◆ **What you will do**
All that is wanted is the exact lines from the one with "Basic House photo 3" through the last line of the entries, with both ends kept and every picture left out.

--- START ---

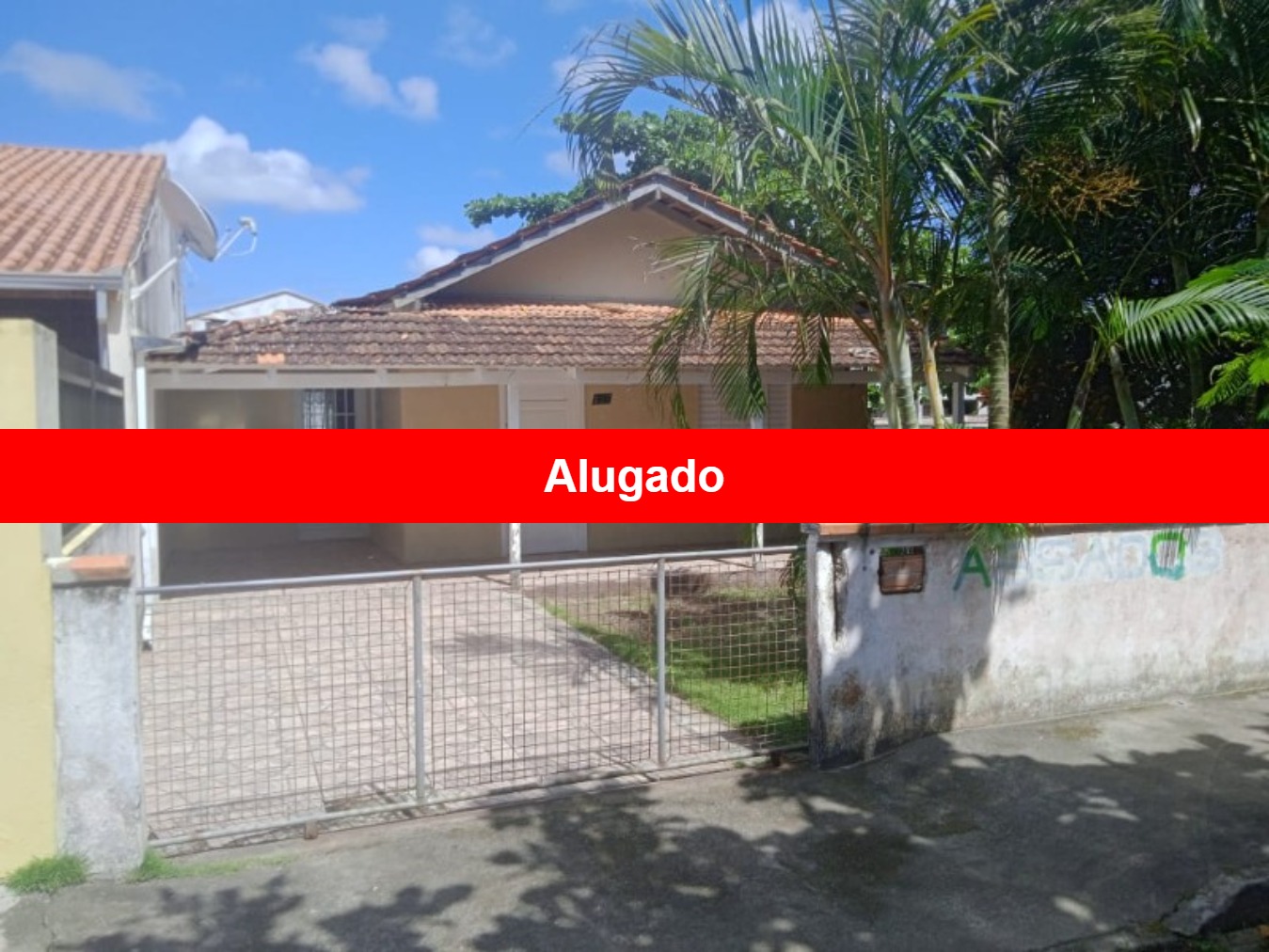 Casa para alugar com 2 quartos, 78m² - Foto 1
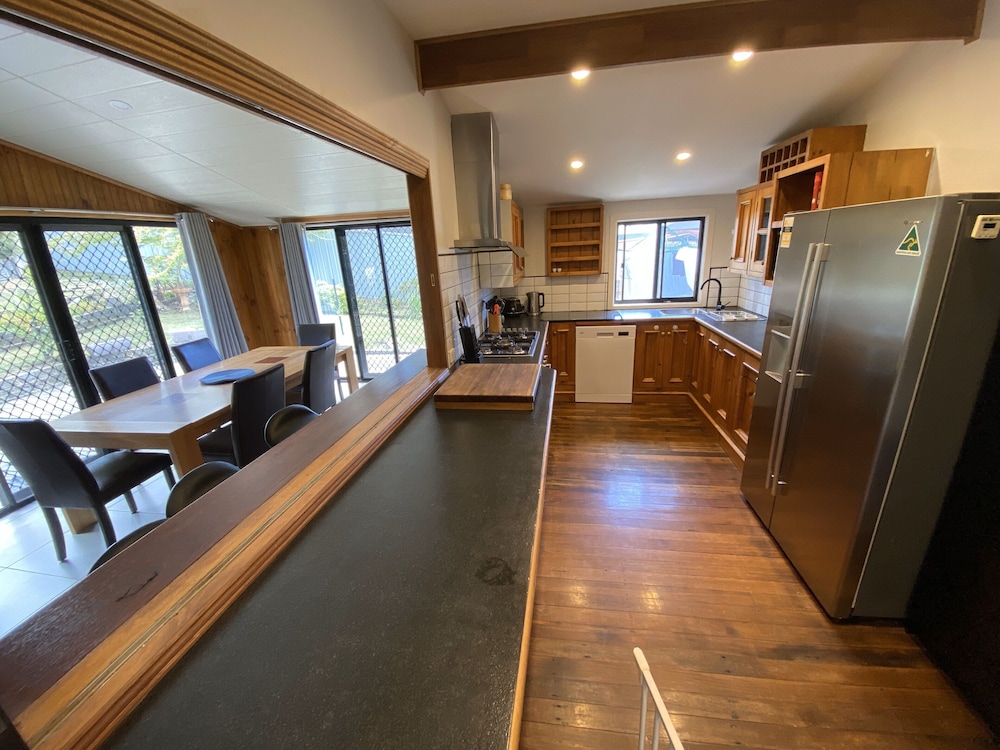 Basic House photo 3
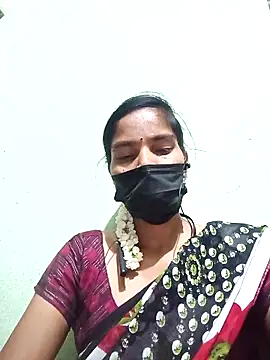 anusiya01 online show from March 19, 2025, 6:34 pm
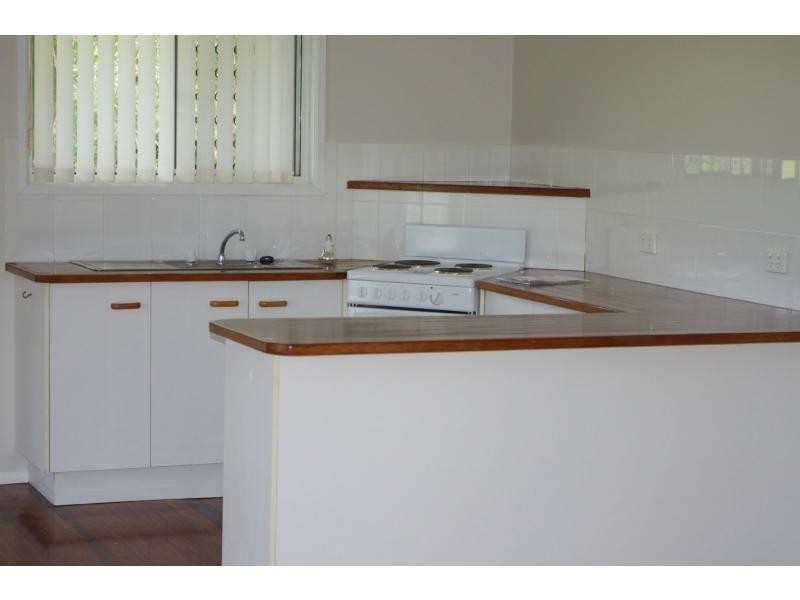 15 LONICERA STREET, Macleay Island QLD 4184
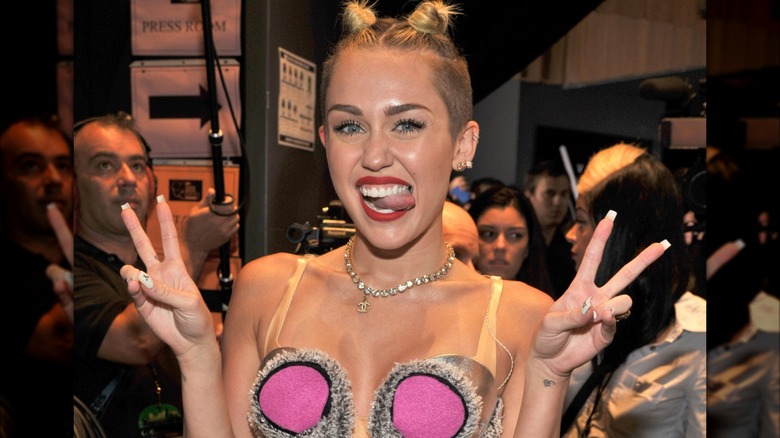 Miley Cyrusy at the 2013 MTV VMAs.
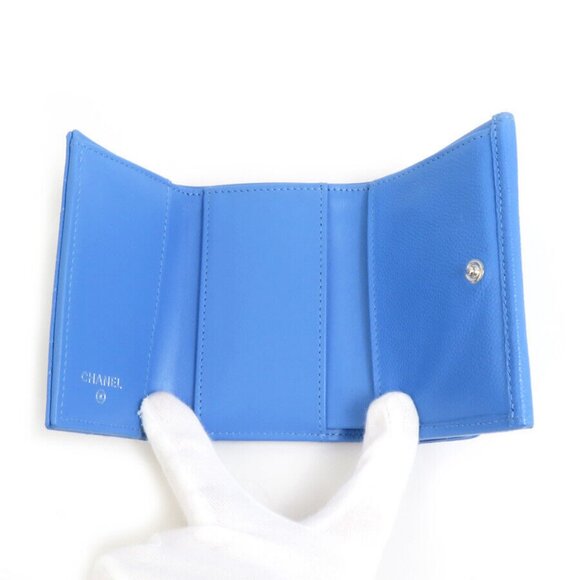 Auth CHANEL Matelasse Trifold Wallet Blue Leather/Silvertone - Picture 16 of 16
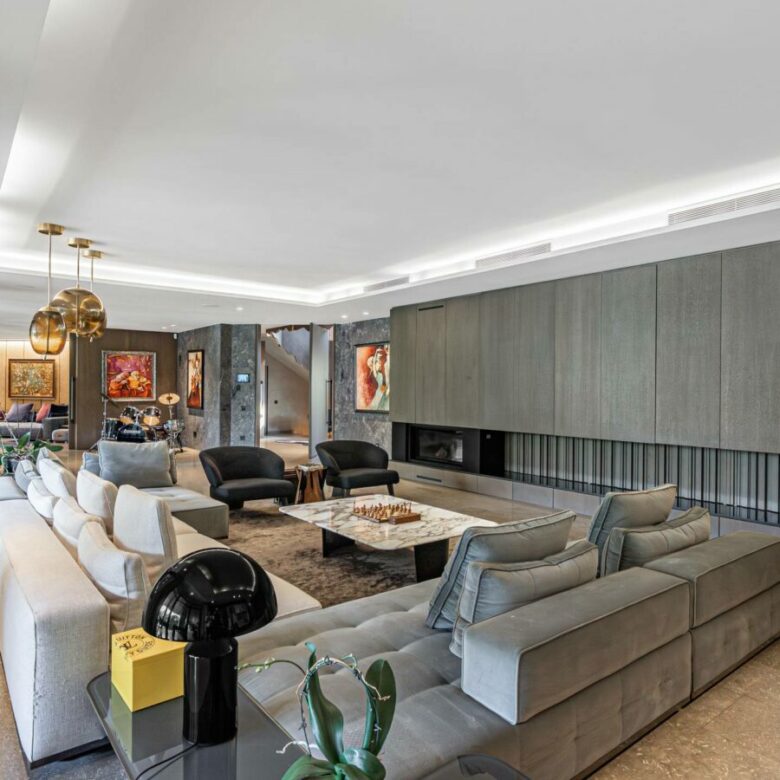 FOR SALE 🏡 Exceptional Contemporary Villa with Resort-Style Luxury – Guadalmina Baja, San Pedro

--- END ---

◆ **Result**
 Basic House photo 3
 anusiya01 online show from March 19, 2025, 6:34 pm
 15 LONICERA STREET, Macleay Island QLD 4184
 Miley Cyrusy at the 2013 MTV VMAs.
 Auth CHANEL Matelasse Trifold Wallet Blue Leather/Silvertone - Picture 16 of 16
 FOR SALE 🏡 Exceptional Contemporary Villa with Resort-Style Luxury – Guadalmina Baja, San Pedro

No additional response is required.